Work instructions:
Starting from the line in which "2593 SE 8th" appears, output every line down to the last line of the data below, exactly and without anything more.

Entries supplied:
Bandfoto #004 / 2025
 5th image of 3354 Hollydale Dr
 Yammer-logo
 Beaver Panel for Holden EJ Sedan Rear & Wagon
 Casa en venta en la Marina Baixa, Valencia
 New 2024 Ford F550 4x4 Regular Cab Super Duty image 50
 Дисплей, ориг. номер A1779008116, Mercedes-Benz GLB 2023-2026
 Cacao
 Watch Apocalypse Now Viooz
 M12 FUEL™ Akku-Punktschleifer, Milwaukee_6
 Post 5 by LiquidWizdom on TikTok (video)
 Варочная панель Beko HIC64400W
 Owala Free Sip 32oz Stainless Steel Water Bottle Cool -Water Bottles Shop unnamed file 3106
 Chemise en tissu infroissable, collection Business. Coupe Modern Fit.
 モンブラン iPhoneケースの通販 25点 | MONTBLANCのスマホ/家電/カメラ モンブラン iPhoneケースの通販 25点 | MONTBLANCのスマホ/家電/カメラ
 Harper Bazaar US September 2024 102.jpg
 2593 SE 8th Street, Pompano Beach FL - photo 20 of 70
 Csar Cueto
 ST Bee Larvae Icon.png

Answer to the exercise:
 2593 SE 8th Street, Pompano Beach FL - photo 20 of 70
 Csar Cueto
 ST Bee Larvae Icon.png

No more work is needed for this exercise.